The latest issue of the Wisconsin Magazine of History arrived recently with an article which is primarily about Women for a Peaceful Christmas, a Madison-based organization active until the end of the Viet Nam war.
It is interesting to find events of your high school and college years becoming the subject of articles in history magazines. I think there is some sort of phase transition involved there; once past the first half century of life you enter a new state of matter. How can Women for a Peaceful Christmas be history? How can any issue which remains pertinent to daily life and culturally unresolved be treated as history? The questions they raised about peace, environmental destruction, and excessive consumerism are completely relevant to the news of the day. Test me on this: at Reuters today I see these stories:
"The United States aims to get all new troops pledged by allies into Afghanistan in the first half of 2010 and wants the Netherlands and Canada to 'stay with us' despite withdrawal plans, a Pentagon official said on Monday."
"Cash-strapped Americans are spending less this year on holiday shopping, and are waiting until the very last minute to reap the maximum bargains -- wreaking havok upon retailers who desperately need a good Christmas season."
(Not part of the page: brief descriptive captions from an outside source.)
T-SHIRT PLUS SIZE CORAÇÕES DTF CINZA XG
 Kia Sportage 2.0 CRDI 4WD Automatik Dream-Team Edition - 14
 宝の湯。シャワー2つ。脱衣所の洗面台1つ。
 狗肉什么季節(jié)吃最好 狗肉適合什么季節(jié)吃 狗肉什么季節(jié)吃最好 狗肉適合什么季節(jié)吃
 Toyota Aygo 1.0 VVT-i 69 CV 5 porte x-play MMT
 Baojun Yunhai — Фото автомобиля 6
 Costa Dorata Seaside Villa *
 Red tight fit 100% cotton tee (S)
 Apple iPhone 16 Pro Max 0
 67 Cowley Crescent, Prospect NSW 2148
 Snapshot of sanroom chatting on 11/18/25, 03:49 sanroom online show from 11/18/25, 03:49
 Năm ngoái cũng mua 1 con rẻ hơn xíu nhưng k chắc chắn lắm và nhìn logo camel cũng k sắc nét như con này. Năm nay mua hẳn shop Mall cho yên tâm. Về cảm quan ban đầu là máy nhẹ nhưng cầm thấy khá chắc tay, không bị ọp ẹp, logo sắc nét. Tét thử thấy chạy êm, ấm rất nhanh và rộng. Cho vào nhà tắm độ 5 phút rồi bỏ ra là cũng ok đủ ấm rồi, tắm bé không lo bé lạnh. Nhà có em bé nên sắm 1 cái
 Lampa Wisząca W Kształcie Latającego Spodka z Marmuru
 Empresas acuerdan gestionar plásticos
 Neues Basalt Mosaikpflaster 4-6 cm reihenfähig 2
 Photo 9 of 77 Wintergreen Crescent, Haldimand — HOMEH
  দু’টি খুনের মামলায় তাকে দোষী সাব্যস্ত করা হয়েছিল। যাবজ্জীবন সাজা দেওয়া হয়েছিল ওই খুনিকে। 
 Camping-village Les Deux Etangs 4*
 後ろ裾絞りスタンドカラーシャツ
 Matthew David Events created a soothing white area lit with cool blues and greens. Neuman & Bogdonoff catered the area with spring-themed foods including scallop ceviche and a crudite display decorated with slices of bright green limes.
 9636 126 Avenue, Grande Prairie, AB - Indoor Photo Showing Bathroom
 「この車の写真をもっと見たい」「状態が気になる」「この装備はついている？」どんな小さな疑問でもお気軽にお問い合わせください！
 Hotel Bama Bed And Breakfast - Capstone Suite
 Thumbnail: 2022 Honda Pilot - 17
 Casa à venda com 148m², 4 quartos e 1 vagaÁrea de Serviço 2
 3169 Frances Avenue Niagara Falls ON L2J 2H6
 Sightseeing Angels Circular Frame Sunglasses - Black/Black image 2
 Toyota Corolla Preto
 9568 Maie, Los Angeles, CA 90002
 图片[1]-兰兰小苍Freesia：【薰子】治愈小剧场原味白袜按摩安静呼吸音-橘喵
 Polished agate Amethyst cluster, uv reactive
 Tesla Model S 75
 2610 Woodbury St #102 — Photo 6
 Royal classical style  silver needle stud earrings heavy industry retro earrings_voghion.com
"Washington took a step on Monday toward curbing U.S. greenhouse gas emissions, aiding the first day of the biggest climate talks in history where 190 nations are seeking a deal to curb global warming."
Now, are the issues peace, consumption, and the environment? Are the issues still peace, consumption, environment? This isn't history; this is long-playing current events! At least, so it appears to those of us who have lived these same issues in actual reality for half a century and more.
That may be the point.
I am undecided whether to be comforted or frustrated. On the one hand, it is frustrating to realize that issues of war and peace, of exploitation and relationship, of waste and sustainability are so deeply unresolved after four decades of attention (although, in actual reality, it has been much longer). On the other hand, it is comforting to be sure that the we identified issues which are truly fundamental. We are aiming at the right target, at least in some sense, given that the same issues remain at the core of social controversy after 40 years.
We have, based on the turn of history, the right questions. It still seems to us that we have the same right answers. We can make the same plays in the actual reality game that we made 40 years ago and perhaps get the same results. But I am uneasy with mere repetition. In terms of playing this game, have we learned anything?